Обвиненный пред судилищем в ниспровержении народной религии, он провозгласил бессмертие души, наказания и награды жизни будущей; отказавшись отпереться от своих слов по прихоти народного правления, он был приговорен к смерти и заключен в тюрьму. Сократ в тюрьме снял позор с этого места наказания, которое не могло быть темницею, пока он был в нем. Критон подкупил тюремщика, но Сократ не хотел выйти из тюрьмы обманом. «Каковы бы ни воспоследовали бедствия, нельзя ничего предпочесть правде. Ее голос внятен мне, как звук труб и литавров, и я глух для всего, что вы говорите мне». Величие этой тюрьмы, величие огласивших ее слов Сократа и эта выпитая цикута — одно из самых драгоценных событий в истории мира.
Редкое сочетание, и притом в безобразном теле, балагура с мучеником, уличного или рыночного говоруна с бесподобнейшим праведником, где-либо известным по истории тех времен, поразило Платона, умевшего давать цену таким противоположностям, и он поместил это лицо на первом у себя плане, как наилучшего распределителя умственных сокровищ, которые ему предлежало обобщить. Счастлива для обоих — для Эзопа черни и для сановитого ученого — была эта встреча: она сделала бессмертными их обоюдные способности. Дивный синтез характера Сократа выказывается перемежаясь с синтетическим духом Платона. Кроме того, Платон мог прямо и без всякой зависти опираться на признанный ум и вес Сократа, которому, вероятно, он многим обязан; заслуги же Учителя получили свою главную ценность отсовершенства искусства ученика.
Слава Платона основана не на превосходстве силлогизма, ни на художественном изложении учения Сократа, ни на той или другой великолепной теме, как, например, бессмертие души.
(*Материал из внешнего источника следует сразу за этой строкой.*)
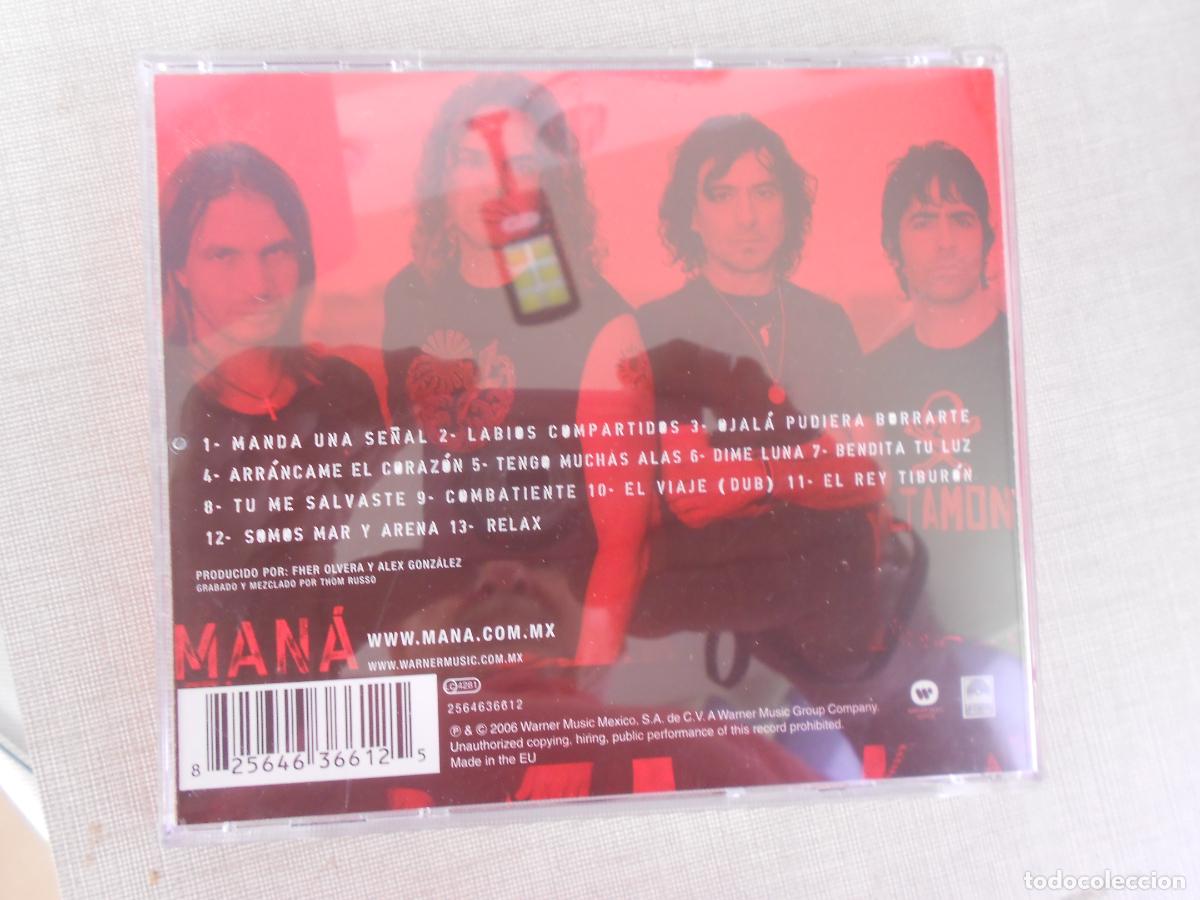 CDs de m&uacute;sica: MANA , ES COMBATIR - CD - 2006 WARNER - Foto 3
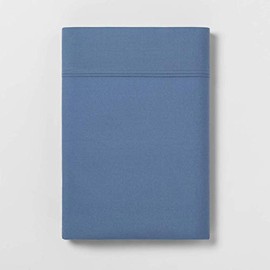 Ultra Soft 100% Cotton Blue Flat Sheet 300 Thread Count - Twin XL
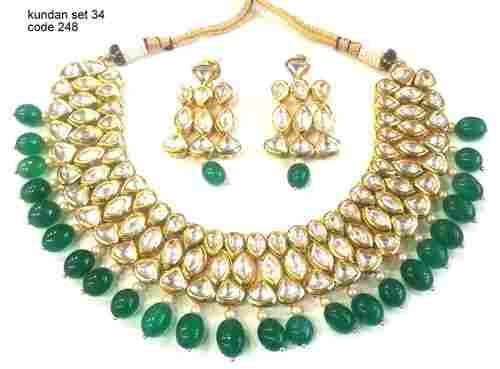 Imitation Kundan Necklace Set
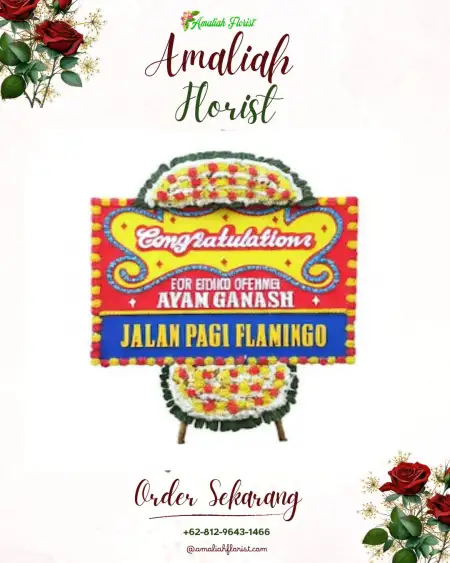 Sewa Papan Bunga Komet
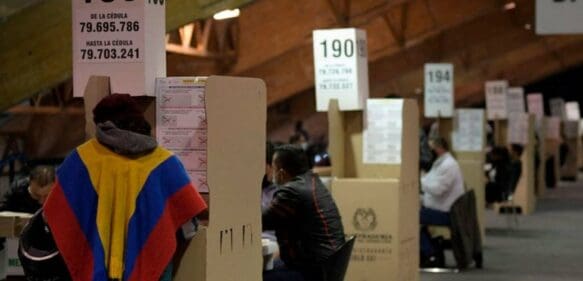 Colombia vota hoy para elegir un nuevo presidente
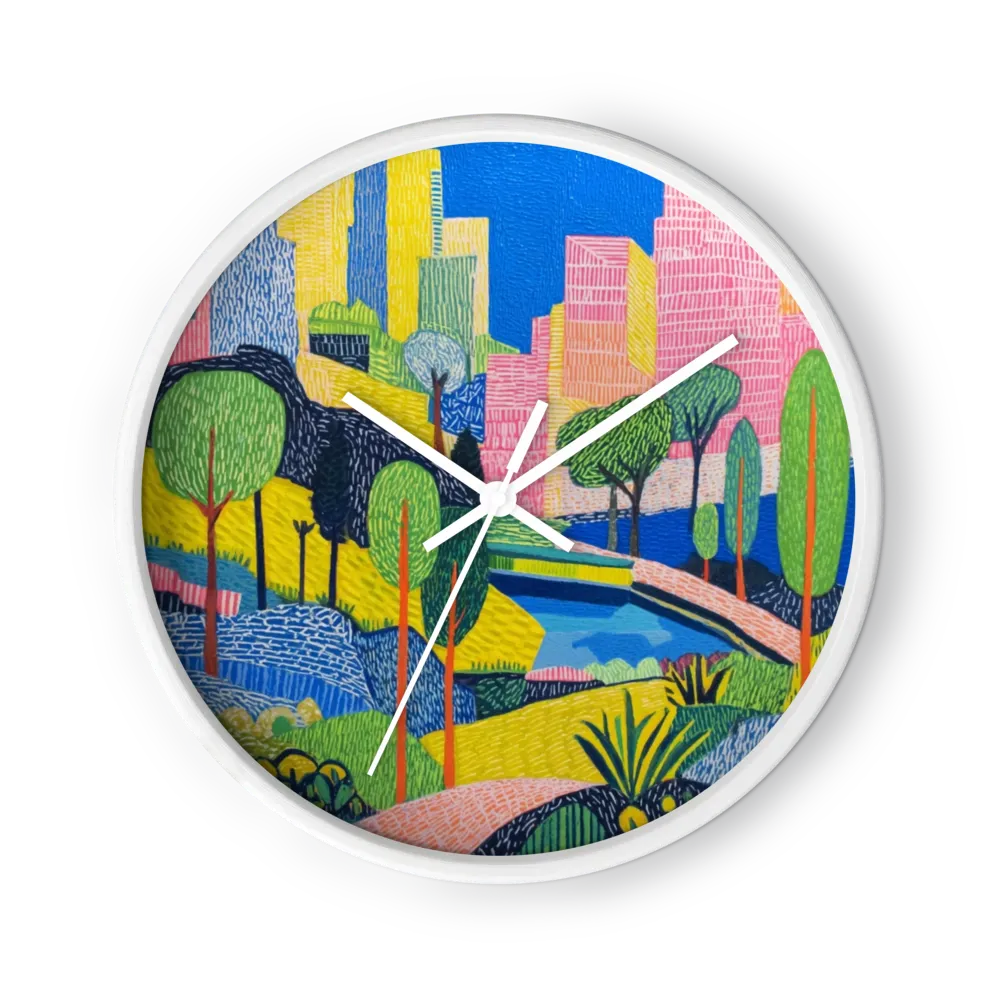 Vibrant Urban Haven | Wall Clock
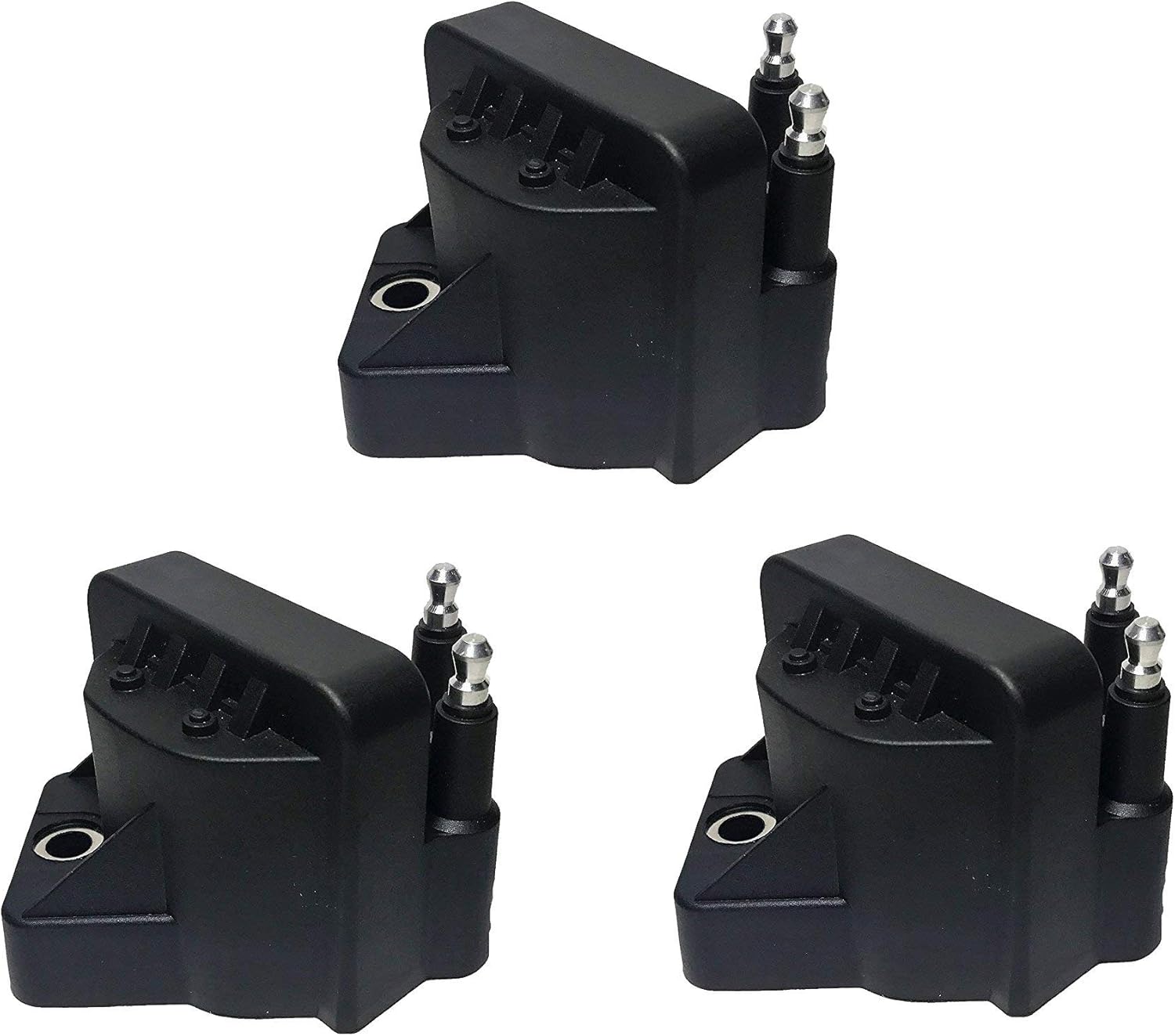 Ignition Coil Pack Set of 3 Replaces 10472401, 10467067, D555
Он более чем знаток, чем ученый, или математик, или мудрец, которому вверено то или другое особенное представительство. Он являет собою редкое преимущество ума, а именно могущественный дар поставлять каждый факт на последовательную высоту и через то обнаруживать в каждом из них залоги дальнейшего развития. Развитие — естественная принадлежность мысли: оно такая же органическая сущность. Ум не создает то, что он усматривает, точно так же, как зрение не создает розу. Это развитие или расширение мысли обостряет духовное зрение там, где для обыкновенного глаза уже смыкается горизонт, и это второе зрение усматривает, чта продленные линии законов тянутся во все направления.
Признавая за Платоном заслугу провозвестия подобных дум, мы признаем его человеком полного развития; человеком, который к изучению видимого приложил всю гамму и внешних чувств, и постижения, и разума. Строгий чтитель определительности, Платон любил беспредельность; он видел, какой придаток силы и благородства проистекает собственно из истины, собственно из добра; со стороны разума человечества он воздал подобающую честь неизмеримой душе, и воздал ее достойно разума. Тогда он сказал: «Способности наши уносятся в бесконечность, и оттуда возвращаются обратно в нас. Мы можем определить весьма малое; но есть один факт, который упустить из виду все равно, что совершить самоубийство. Все созданное находится на лестнице и идет все выше и выше, откуда бы ни было начало. Все созданное есть символ; и то, что мы называем выводом, есть только новое начинание».
И каждая мысль Платона носит на себе отпечаток такого восхождения: излагая в «Федре» учение о красоте, пленительной очаровательнице, изливающей своим появлением радость, восторг и упование во вселенной, — а в некоторой степени, она проявляется в каждом предмете, — он говорит, что есть другая красота, настолько превосходящая красоту видимую, насколько эта превосходит хаос; эта красота — мудрость, скрытая от удивительного органа нашего зрения, но которая, если бы мы могли ее увидеть, восхитила бы нас совершенством своей существенности. Так и в «Пире» он поучает в том же духе, — теперь всемирно усвоенном и поэтом, и проповедником, — что земная любовь есть зачаток и отдаленный символ обожания души к тому необъятному океану красоты, которая существует и манит душу. Вера в Божественное никогда не покидает помыслов Платона; она составляет предел каждого его догмата. Он всюду стоит на пути, которому нет конца и который беспрерывно огибает всю вселенную. Поэтому каждое его слово служит истолкованием мироздания. Все, на что он не посмотрит, являет свой второй смысл и дальнейшие, последующие значения.